İşlevin rahat işleyebilmesi için her eklemde yetecek kadar eklem sıvısı var ve her eklem bütünlüğünün korunması amacıyla fibroz doku kapsülüyle de çevrelenmiş durumda. Bu üçlü temel yapı eklemin korunmasını, hareketli kalmasını ve işlevlerini yerine getirmesini sağlıyor.

KAPSÜL DE KIKIRDAK DA ÖNEMLİ

Her üçü de yaşayan dokular. Mesela fibroz doku kapsülü ekleme sadece bütünlük sağlamıyor, onu sadece dış travmalardan koruyan tampon görevi üstlenmiyor, kartilaj yapısı için gerekli besin maddelerini de temin ediyor ki bu çok önemli.

Kartilaj dokusunun kendine özel kan tedarik sistemi yok. Kapsül sağlam olmazsa ihtiyacı olan besin maddelerini ve oksijeni temin edemez.

Diğer taraftan hemen her eklem kendine özel bazı yapılarla da var.

Kimisinde hareket kabiliyetini artırıcı, esneklik sağlayıcı içi su doku yastıklar, kiminde benzer işlevleri üstlenmiş kıkırdak tampon sistemler -menüsküsler- ve hemen hepsinde de eklemleri birbirine bağlayan stabil kılan bağlar, kasların tutunma noktaları olan tendonlar mevcut.

Saydığım bu dokuların hepsi eklemin gücünden, kuvvetinden, esnekliğinden ve işlevsel yeteneklerinden de sorumludur ve her biri diğerleri kadar değerli ve önemlidir.

UNUTMAYIN

İşleyen demir ışıldar

Eklemler ne kadar çok hareket ettirilirse o kadar esneklik kazanırlar, uzun süre esnekliklerini koruyabilirler. Kısacası eklemlerin esnekliği çok ama çok önemli bir noktadır.

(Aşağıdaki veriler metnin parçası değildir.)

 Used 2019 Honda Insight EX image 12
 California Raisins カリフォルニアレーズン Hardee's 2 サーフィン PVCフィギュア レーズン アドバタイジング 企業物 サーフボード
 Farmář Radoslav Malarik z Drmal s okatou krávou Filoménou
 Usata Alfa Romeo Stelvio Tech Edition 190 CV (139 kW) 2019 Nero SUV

Esneklik gençlikte daha fazladır, yaşlandıkça azalır. Egzersiz yapanlarda daha fazladır, tembelleştikçe belirginleşir. Kadınların eklemleri erkeklerden daha esnektir.

En önemli nokta şudur:

Tıpkı kas gücü, tıpkı eklem dayanıklılığı, tıpkı kemik sağlamlığı gibi esneklik de egzersiz yaparak geliştirilebilir bir yetenektir.

BANA GÖRE

Ne yapmalı?

Eğer egzersiz konusunda daha çok şey öğrenmek istiyorsanız “esneme egzersizleri” konusunda bilgi edinin ve şunu asla unutmayın: Esneklik geliştirilebilir bir yetenektir ama her eklem için esnekliğin de bir sınırı vardır ve eklem bu sınırın dışına çıkmaya zorlandığında sakatlanma riski artmaktadır.

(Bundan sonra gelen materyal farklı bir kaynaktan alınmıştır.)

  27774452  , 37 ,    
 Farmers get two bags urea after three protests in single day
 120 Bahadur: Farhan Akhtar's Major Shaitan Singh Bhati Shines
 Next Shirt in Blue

Önemli bir nokta da şu: Uzmanlara göre esneklik kabiliyetiniz arttıkça eklemleriniz sadece daha iyi işlev görme kapasitesi kazanmıyor. Düşme ve denge bozukluğu riskiniz de azalıyor. Dolayısıyla sakatlanma riskiniz minimuma iniyor.

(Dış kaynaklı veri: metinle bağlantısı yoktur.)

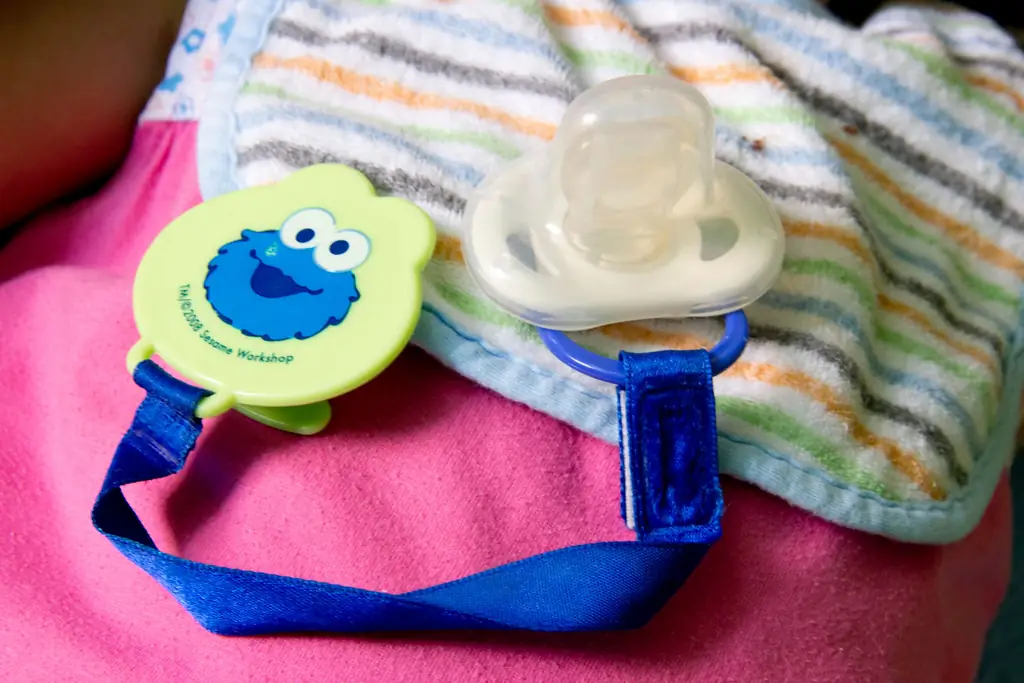 কিভাবে একটি আঙ্গুল চুষার পরিবর্তে একটি pacifier নিতে একটি শিশুর পেতে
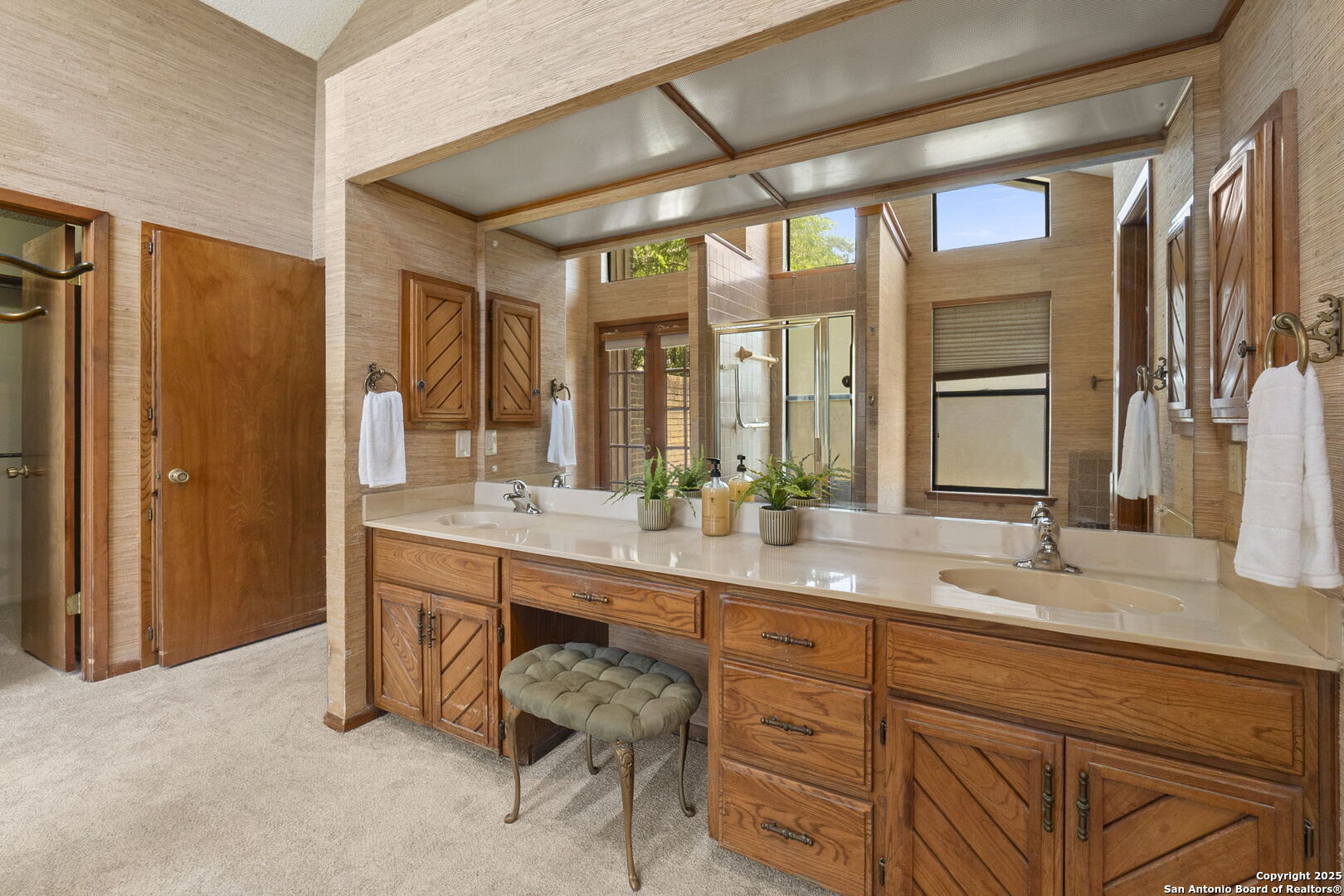 19507 Encino Gap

Yetmedi! Esneklik size daha mükemmel bir zihinsel yapılanma ve daha çok esenlik duygusu da vaat ediyor. Galiba en güzeli de bu seviyeye ulaşmak, çünkü hem sağlıklı olmak hem de kendini formda/fit, yani iyi hissetmek güzel hayatın ve huzurun önemli bir belirleyicisi olmalı.